For some homeschoolers, the kids interests would guide everything.  We’re not in that category – I’ve got no problem with unschooling, but I’ve also got no problem saying “ok, we’re going to work on this, now.”  Right now we’re doing that with Isaiah – he’s not reading yet, in part, I think because his brother Simon reads to him constantly, and because he’s entering 1st Grade in his Hebrew School, he really needs to learn to read.  Last year we let it go, this year, we’re pushing a bit harder – and he’s more interested (he loves to cook and wants to be able to read recipes independently).  We insist the kids do music practice, do their chores and learn things they don’t care about sometimes – because they don’t always know when learning something will be helpful to something they do want to to do.  I want learning to be fun, but I don’t think it always has to be fun every second – but that’s a philosophical approach.

Besides memorizing Tom Lehrer’s “Elements” song (the chemical elements as of 1950 something sung to “I am the very model of a modern major general”) tomorrow, and reading Simon’s chemistry book and looking through cookbooks for Rosh Hashanah recipes, our school day will include reading the Torah stories that accompany the New Year’s Liturgy, painting the birdhouses the kids have been making and putting them up, taking another stab at a multi-perspective history of the ancient world, beginning with a children’s version of Virgil’s founding of Rome (so far the story has been really grabbing them), English and Hebrew reading lessons for Asher (still mastering his letters) and Isaiah (sounding out words), and making a pumpkin pie – Isaiah will read the recipes, Asher will help get out the ingredients, Simon will handle the lighting of the cookstove fire (with help), and Simon and Isaiah will add  pumpkin seeds to their seed-saving project. 

The whole thing will probably take less than two hours, perhaps not including the pie-baking time.  We also get pie out of it ;-) .  Much of the time is roughly indistinguishable from a lot of time we spend with the kids anyway, reading stories, doing our work with their help, and hanging about, singing, talking and giggling.   The next day we’ll work on math, poetry and music – making up insulting couplets, cutting pies into pieces (and eating them) to be counted, added, subtracted, and divided and divided again according to one’s abilities and age.  It is always hard to figure out what is work, and what is play.  Simon is old enough to do some work independently, so he can be doing math problems while I’m helping Isaiah with his reading and getting Asher to sort blocks by shape.  Sometimes we’re doing other stuff while we do it – I fold laundry while quizzing Simon about spelling, or answer Isaiah’s questions about birds while I’m doing dishes. 

Does it work, this informal approach?  It seems to – the kids are on grade-level pretty much across the board, and wildly above it in places.

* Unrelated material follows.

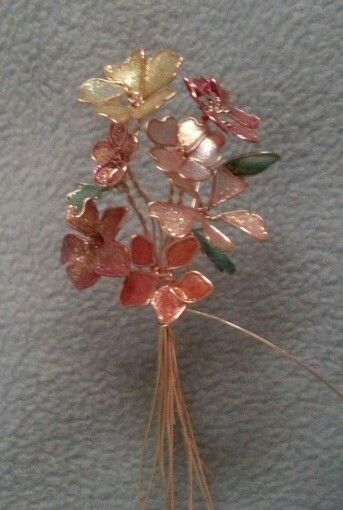 a close up of a flower brooch on a white surface with some green and red flowers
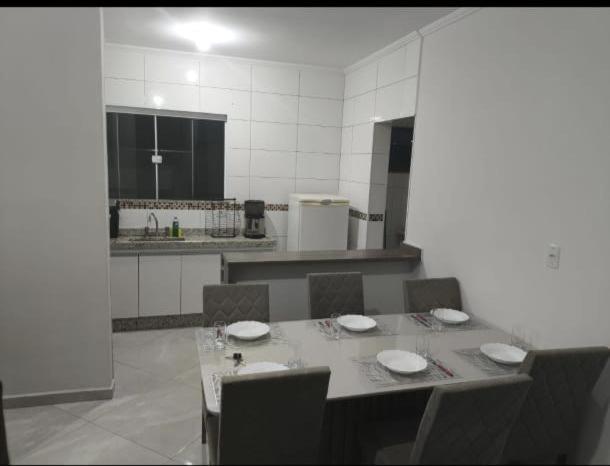 a kitchen with a table and chairs and a kitchen with a table and chairsktop at ap 22 amaryllis in Poços de Caldas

Simon reads at 7th grade level (he won’t be 8 until November) and is the consummate astronomer’s child, able to describe explain what a gamma-ray burst is, just in case you were wondering.   Isaiah alrady knows the lower multiplication tables, can bake cornbread, make bread and cookies with almost no help from memory and can identify more plants and their uses than Eric by a good stretch.  At 3, Asher can already sing the first verse of the Elements Song, recite the Prelude to the Constitution (no, we don’t teach that, he’s been listening to his big brothers ;-) ), make up new tunes to “Adon Olam” and explain that he’s a carbon-based life form. 

They are not geniuses, or even unusual children – Simon can’t write neatly, Isaiah doesn’t read yet, Asher still can’t eat without dripping.  Their knowledge is broad in some places, and imperfect in others.  What is different about homeschooling is simply this – they haven’t yet learned not to be having fun while learning.  And their parents haven’t yet hit the point where teaching isn’t fun.  We all stagger along as best we can, learning and getting things done, and mostly, having a good time of it.